Archive for December, 2004

Projects and Keeping Busy

Sunday, December 19th, 2004

It’s been a while since I’ve updated this blog and I’ve spent more time working on my own blog engine to make up for issues that I’ve faced with Word Press thus far. I hope to have this up over the Christmas break along with about a dozen other projects that are nearing completion.

I now have quite a few technology related blogs going strong on my feeds website: http://www.web-ology.com/feeds/ All in all, there are over 23,000 feeds posted and it’s growing strong. Even though I work at an ISP, my feed aggregator is starting to grow to the point of taxing resources. I’ve tried to only run the feed aggregator at a mininal but I’ve started experiencing the loss of collected news by not pulling them more.

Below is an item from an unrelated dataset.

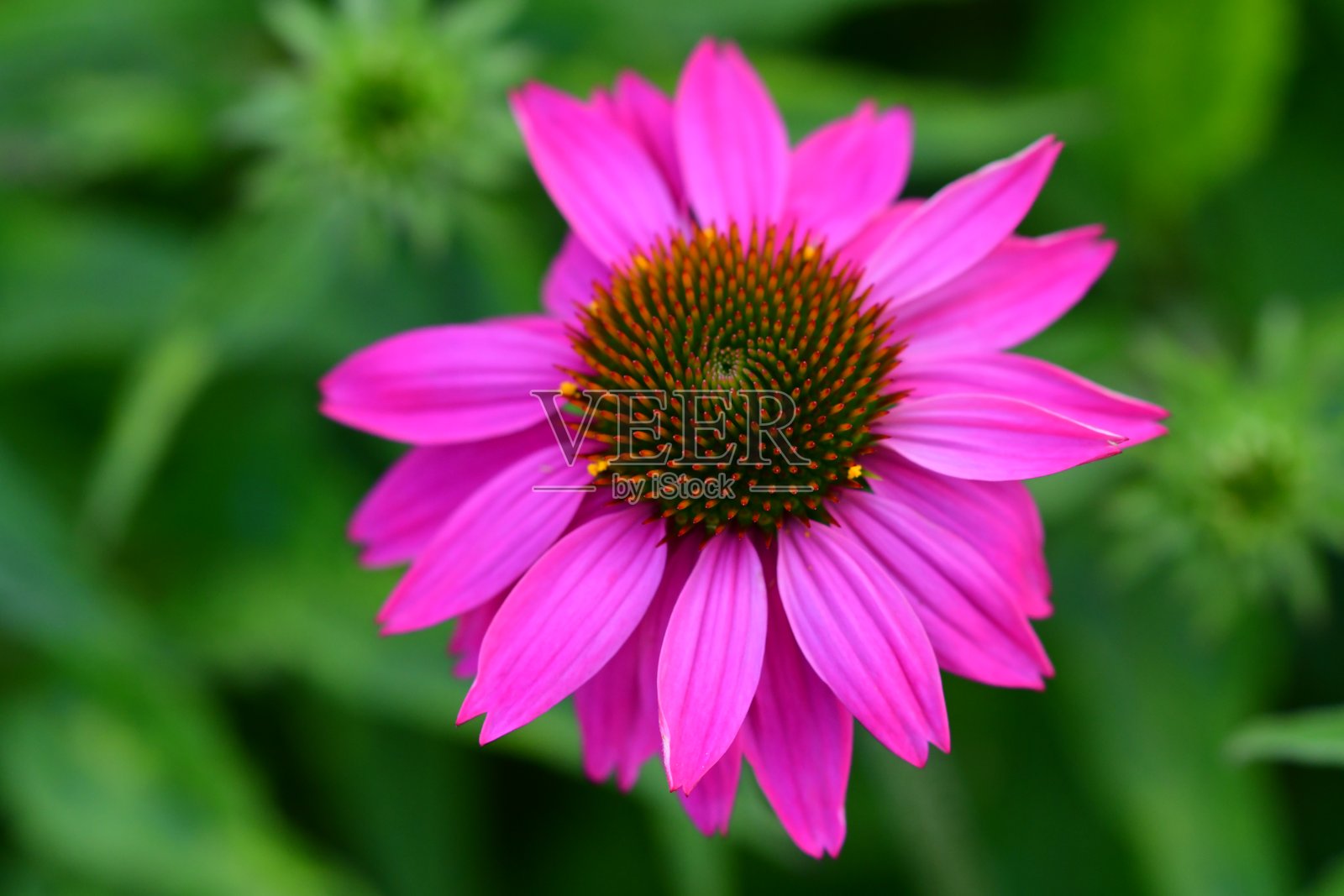 紫锥花：紫粉色的花瓣环绕着深棕色的中央锥体照片摄影图片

Along this journey, my project has grown from using feedonfeeds to writing a hybrid news aggregator of my own design. While feedonfeeds works excellent, I’ve started needing features that it simple doesn’t allow me. Since it is based on the MagpieRSS engine, it was easier to write my own around MagpieRSS and that was the path I took.

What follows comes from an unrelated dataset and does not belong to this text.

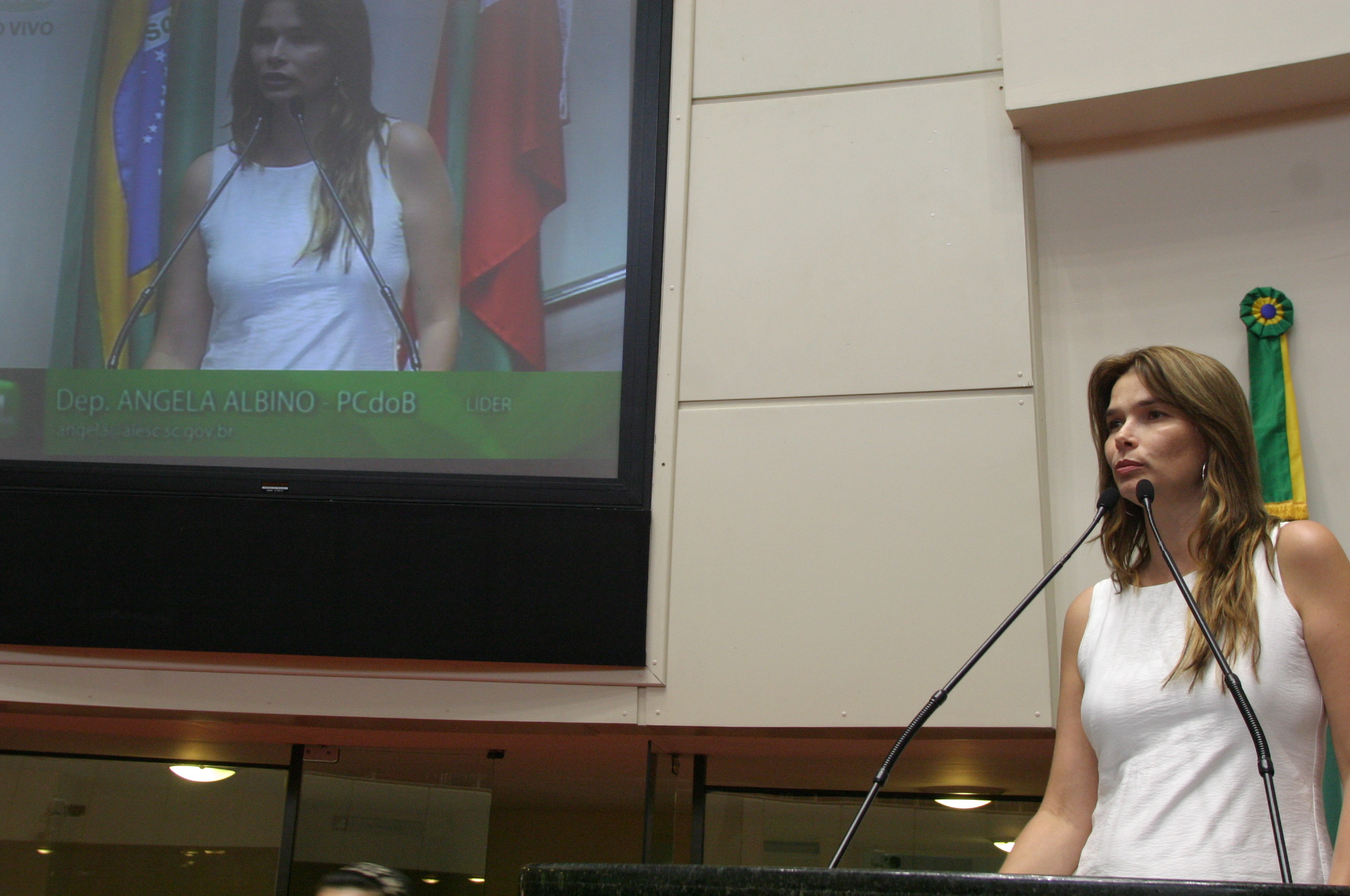 Deputada Angela Albino (PCdoB)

One major feed that I needed was the ability to weight a feed and to schedule feeds to be pulled a different intervals. Most of my feeds are updated once a day or less then a dozen times a day while some others may be updated hundreds of times a day. More and more feeds are only displaying the last ten or twenty items and this can be an issue if the feed is not pulled quickly enough. Some websites such as Slashdot has started suffering feed pull overload so they will now ban your script if you try to pull it too frequently. Thus another reason to write my own. My new system allows more control of how often feeds are pulled and these factors along with a dozen or so more went into this new design.

On the code generartion front, my system is mature enough to generate fulling working website admins. I’ve been playing with a few new designs for how to lay out the overall framework. For my feed scripts I’m using more of a publisher model that turns websites back into static html instead of dynamic solutions. Thus far to get a good pattern down has been a challenge but I’ve made some good headway. I’m able to publish these changes and the system allows for remote publishing over FTP which tries to do an intelligent job of only pushing what’s changed. This can be important when trying to push large websites of 1300+ or in this case 23M+ worth of pages.